Coadministration antagonist dopamine receptor D4 with CB2 receptor agonist decreases binge-like intake of palatable food in mice.

Abstract

Introduction: Food intake is regulated by two systems: homeostatic and hedonic. An imbalance between these systems can induce overconsumption, such as binge eating disorder (BED), and is associated with dysregulation of the dopamine reward system. The cannabinoid type 2 receptor (CB2R) has been identified in dopamine neurons and may play an important role in motivated behaviors, including food intake. Nevertheless, the interaction between the dopamine D4 (DRD4) receptor and CB2R in binge-like intake has not yet been identified. Therefore, the present study aims to evaluate the effects of intraperitoneal administration of DRD4 antagonist (L-745870), as well as the coadministration of DRD4 antagonist with either CB2R agonist (HU308) or antagonist (AM630), on binge-like intake of palatable food (PF) in adult male mice.

Methods: We used adult male 34 C57BL6/J mice. All animals were housed individually and had ad libitum access to standard diet (SD) and water. To evaluate binge-like intake, the animals had 1 h of access to PF during 12 baseline binge eating test (BET) sessions. Mice were then randomly assigned to the following treatment groups: 1) vehicle; 2) L-745870; 3) L-745870-HU308, 4) L-745870+AM630 to be evaluated under the effect of treatments for three additionally BET sessions.
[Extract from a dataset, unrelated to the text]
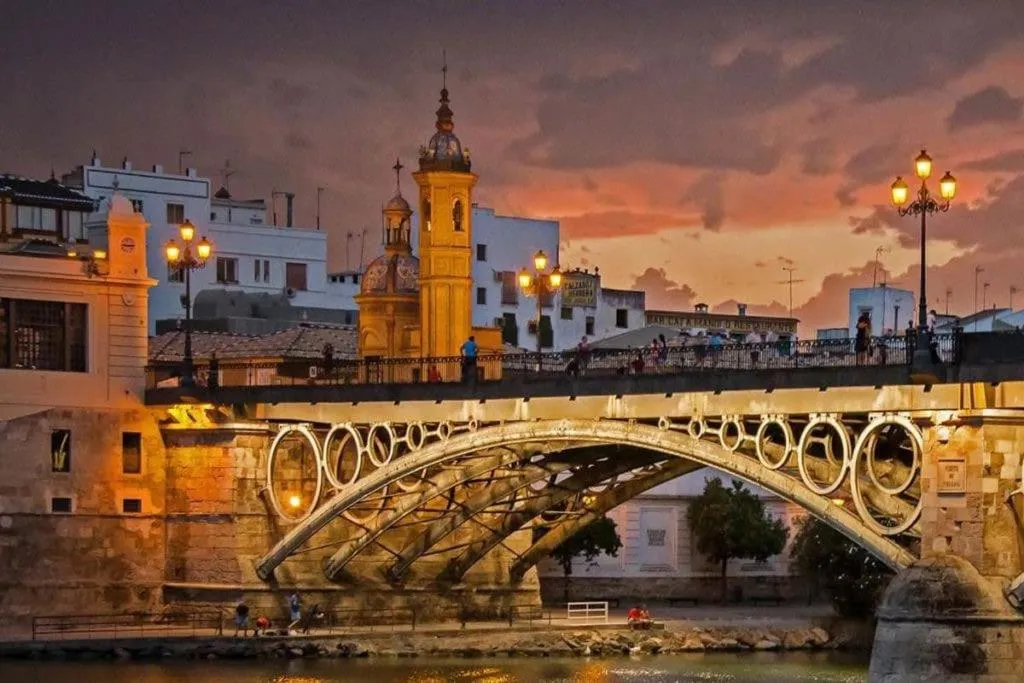 Image 2 of Anfitriones de Glamour – Albor de Sevilla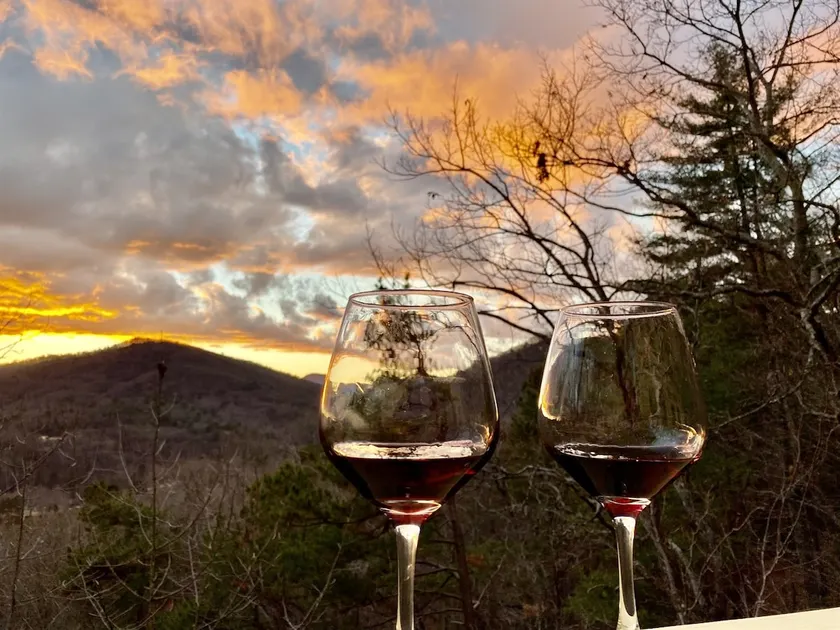 Private 7BR Retreat w/Views | Lakes & Wineries - Image 1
Results: Our results show that DRD4 antagonist reduced binge-like intake of PF, and that a coadministration with a CB2R agonist induced an even more pronounced reduction of binge-like intake.

Conclusion: These findings suggest an interaction between the dopaminergic and endocannabinoid systems in the modulation of binge-like intake of PF in adult mice, where CB2R activation participates in modulating reward pathways and reducing binge-like behavior.